Unfortunately, one of the team members suffered altitude sickness and as a result, emerging onto the alpine heath and following the Teleki Valley to MacKinder’s Camp (4,200 metres) — the 1,200m ascent took over 12 hours. We finally made it to camp at around 9.30pm to the disappointment of the resident leopard, who was on a night duty prowl. 

Day 3

Call time was at midnight, and after a light breakfast, we began the predawn summit attempt.We trekked for about  three to four hours, breathing hard,  across bare rock and scree slopes characteristic of the alpine region before reaching Austrian Hut/Top Hut (4,790 metres (15,715ft ).  Austrian Hut is the highest hut on Mount Kenya, with the exception of Howell Hut on Nelion peak.

It is a good base to mount an attack on Lenana peak, or for exploring the surrounding area. Other peaks that can be ascended with Austrian Hut as a base camp include Point Thompson, Point Melhuish and Point John. It is also the starting point for the Normal Route up Nelion, as well as other routes up to the summits. This hut is located just to the East of point Lenana.

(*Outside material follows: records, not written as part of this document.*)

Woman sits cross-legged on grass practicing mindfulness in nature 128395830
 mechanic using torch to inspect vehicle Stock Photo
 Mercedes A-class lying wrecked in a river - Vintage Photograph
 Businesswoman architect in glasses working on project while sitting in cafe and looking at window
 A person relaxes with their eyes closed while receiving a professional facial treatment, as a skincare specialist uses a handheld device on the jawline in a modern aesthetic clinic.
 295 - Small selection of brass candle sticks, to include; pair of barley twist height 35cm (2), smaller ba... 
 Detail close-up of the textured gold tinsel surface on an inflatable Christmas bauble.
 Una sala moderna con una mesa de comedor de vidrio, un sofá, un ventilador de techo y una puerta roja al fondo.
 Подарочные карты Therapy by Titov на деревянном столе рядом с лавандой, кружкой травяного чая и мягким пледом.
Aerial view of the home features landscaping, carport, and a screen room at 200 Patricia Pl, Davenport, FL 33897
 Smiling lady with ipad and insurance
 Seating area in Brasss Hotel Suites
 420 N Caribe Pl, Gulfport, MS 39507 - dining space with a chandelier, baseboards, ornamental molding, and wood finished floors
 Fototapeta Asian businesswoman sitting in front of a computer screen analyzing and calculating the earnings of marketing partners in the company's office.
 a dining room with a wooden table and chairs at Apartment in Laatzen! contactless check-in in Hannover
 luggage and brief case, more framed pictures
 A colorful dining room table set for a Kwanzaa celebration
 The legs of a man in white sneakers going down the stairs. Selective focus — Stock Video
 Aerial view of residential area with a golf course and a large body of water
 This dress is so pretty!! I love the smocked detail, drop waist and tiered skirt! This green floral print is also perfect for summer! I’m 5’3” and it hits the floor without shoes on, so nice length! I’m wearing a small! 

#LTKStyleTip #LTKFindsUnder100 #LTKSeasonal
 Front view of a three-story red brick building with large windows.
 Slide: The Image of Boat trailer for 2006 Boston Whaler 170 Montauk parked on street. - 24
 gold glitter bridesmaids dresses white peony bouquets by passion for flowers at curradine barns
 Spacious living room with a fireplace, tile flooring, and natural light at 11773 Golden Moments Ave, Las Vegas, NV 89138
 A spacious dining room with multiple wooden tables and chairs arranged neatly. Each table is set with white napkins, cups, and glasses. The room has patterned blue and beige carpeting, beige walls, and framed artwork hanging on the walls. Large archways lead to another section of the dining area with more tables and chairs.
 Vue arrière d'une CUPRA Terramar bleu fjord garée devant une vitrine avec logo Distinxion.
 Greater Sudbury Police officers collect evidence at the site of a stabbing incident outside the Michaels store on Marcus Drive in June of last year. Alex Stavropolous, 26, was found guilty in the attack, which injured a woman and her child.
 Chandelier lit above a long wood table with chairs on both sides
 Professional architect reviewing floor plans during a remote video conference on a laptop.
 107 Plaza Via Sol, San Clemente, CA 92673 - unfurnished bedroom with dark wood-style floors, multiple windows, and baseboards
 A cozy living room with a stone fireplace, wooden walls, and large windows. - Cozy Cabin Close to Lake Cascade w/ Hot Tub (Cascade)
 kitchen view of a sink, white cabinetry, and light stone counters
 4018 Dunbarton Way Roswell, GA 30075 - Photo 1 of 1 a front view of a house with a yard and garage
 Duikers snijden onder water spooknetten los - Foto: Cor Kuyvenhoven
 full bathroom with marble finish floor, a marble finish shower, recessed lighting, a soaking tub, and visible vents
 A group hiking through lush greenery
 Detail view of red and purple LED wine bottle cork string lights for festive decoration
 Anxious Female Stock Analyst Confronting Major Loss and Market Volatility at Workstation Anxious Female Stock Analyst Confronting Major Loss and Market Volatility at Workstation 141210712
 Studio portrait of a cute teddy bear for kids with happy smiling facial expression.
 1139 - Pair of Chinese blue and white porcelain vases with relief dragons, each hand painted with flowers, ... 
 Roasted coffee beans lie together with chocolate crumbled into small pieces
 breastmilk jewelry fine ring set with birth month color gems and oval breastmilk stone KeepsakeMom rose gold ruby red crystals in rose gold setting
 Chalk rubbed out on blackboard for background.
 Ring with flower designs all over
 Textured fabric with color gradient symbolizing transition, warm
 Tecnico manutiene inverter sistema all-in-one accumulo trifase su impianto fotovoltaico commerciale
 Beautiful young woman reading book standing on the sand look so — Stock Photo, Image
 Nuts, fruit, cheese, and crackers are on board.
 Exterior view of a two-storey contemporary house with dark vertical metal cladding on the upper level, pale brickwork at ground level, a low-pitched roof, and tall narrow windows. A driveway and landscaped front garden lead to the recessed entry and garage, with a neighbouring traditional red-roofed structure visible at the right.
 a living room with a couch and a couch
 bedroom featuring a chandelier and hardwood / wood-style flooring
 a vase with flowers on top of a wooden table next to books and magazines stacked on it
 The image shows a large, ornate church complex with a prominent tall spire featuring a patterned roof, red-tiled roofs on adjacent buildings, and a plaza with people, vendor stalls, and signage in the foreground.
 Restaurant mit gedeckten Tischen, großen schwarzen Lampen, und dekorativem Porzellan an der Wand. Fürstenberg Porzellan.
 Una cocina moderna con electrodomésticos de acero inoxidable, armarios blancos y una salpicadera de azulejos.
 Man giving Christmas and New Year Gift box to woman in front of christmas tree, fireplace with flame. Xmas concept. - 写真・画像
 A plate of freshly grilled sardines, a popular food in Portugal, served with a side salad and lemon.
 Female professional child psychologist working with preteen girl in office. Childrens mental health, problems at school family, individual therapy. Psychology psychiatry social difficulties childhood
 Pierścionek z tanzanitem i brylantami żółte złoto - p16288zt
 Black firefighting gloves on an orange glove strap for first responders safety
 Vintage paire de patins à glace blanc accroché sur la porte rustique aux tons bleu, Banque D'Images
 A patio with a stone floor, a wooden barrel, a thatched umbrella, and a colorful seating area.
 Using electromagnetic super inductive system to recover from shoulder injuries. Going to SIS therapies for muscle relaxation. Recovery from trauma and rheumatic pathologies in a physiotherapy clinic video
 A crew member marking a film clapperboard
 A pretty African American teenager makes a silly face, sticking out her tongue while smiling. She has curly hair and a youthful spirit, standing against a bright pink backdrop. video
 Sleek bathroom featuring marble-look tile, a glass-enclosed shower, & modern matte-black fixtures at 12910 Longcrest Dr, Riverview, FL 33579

Already, I felt unwell. So while the rest of the team proceeded to Point Lenana to catch the sunrise at 6:30am, a guide and I had begun our descent to Mackinder’s Camp after I was unable to proceed with the hike due to exhaustion and fever. 

While I certainly haven’t seen every mountain in the world, I have seen quite a few. Mt Kenya is hands down the most spectacular I’ve ever come across. Why not try it for yourself during the next dry season?